Question, "That the words 'Her Majesty's Attorney General' stand part of the Question," put, and negatived.

Further Question put, and agreed to, "That the words 'the Director of Public Prosecutions' be substituted."

MR. COURTNEY

proposed to add, after the word "prosecutions," the words "in England, or the Attorney General in Ireland."

MR. HEALY

thought this a most objectionable proposal. They wanted a Public Prosecutor in Ireland. He did not wish to obstruct the Bill; but it was a most disgraceful thing for them in Ireland, where political strife was at times so heated, to have to apply to the Attorney General to be allowed to conduct the prosecutions. They had a recent case in Ireland—the case of Mr. Parnell and others against The Dublin Evening Mail. If Mr. Parnell and others had had to go to the Public Prosecutor or the Attorney General in that matter, the fiat would never have been granted. The Attorney General for Ireland would see the force of his remarks.

MR. JUSTIN M'CARTHY

said, his hon. Friend (Mr. Healy) mistook the scope of the Bill. It was not a Bill to protect writers, but to protect newspaper editors from the consequences of publishing libellous reports. As they had no other official in Ireland than the Attorney General to whom a matter of this kind could be referred, he should support the Amendment.

MR. WARTON

asked why the word "fiat" was retained in the clause?
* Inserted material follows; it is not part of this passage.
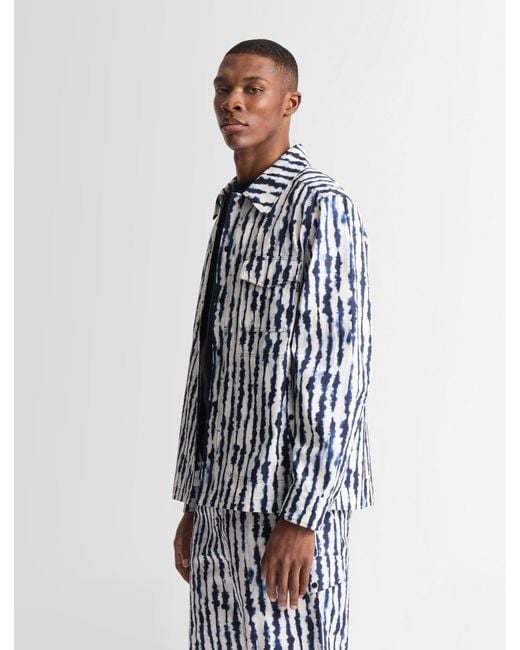 Fusalp Blue Jaymeo Shibo Jacket for men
How could there be a "fiat" to the Director of Prosecutions if such an official existed?

Amendment agreed to.

MR. INDERWICK

moved, at the end of the clause, to add the words— And every such prosecution shall be heard and tried on the same principles, and in the same manner, and subject to the same rules and regulations as civil actions now tried in the High Court of Justice. He thought that, as a matter of principle and as a matter of right, the defendant in an action of libel might require the charge to be proceeded with as a civil action, and that it should not be in the power of the prosecutor to put him to the disadvantage of being put on his trial for a criminal action, where his mouth would be closed. He therefore moved this Amendment as an act of fairness and justice to the newspaper proprietors, and as an amendment of the law which had become absolutely necessary.

Amendment proposed, At end of Clause to add "and every such prosecution shall be heard and tried on the same principles, and in the same manner, and subject to the same rules and regulations as civil actions now tried in the High Court of Justice."—(Mr. Inderwick.)

Question proposed, "That those words be there added."

THE ATTORNEY GENERAL (Sir HENRY JAMES)

was sorry that he could not accept the Amendment. It might be right or it might be wrong to allow a person placed on his trial for a criminal action to give evidence and to have the same advantages as the defendant in a civil action. He would not enter into that question, which was a very broad one, now; but it was not proposed by the Bill that the trial in these cases should necessarily be by means of a civil action, and the question whether it was right or wrong to retain the present condition of things, and to refuse to a man who was criminally charged the power of giving evidence in his own behalf, should not be settled by making an exception to the ordinary rule in trials for libel. Under the Criminal Law, all persons put upon their trial for a criminal action were placed in a certain position, and it would be undesirable to establish an exception only in the case of a particular class of persons who happened to be newspaper proprietors. He trusted that his hon. and learned Friend would not ask the Committee to assent to the important alteration proposed by the Amendment.

MR. DAWSON

thought that some distinction ought to be drawn between an ordinary libel and a newspaper libel. Very often a newspaper libel only repeated words which some other person had used, whereas an ordinary libeller placed himself knowingly in the position which rendered him liable to be prosecuted. The newspaper proprietor who published a libel was in a totally different and in an altogether exceptional position. No moral criminality attached itself to him; but he was constantly harassed and distressed by being made the object of a criminal prosecution. He thought the House ought to avail itself of any legitimate opportunity for relieving the Press from the invidious position in which it was now placed.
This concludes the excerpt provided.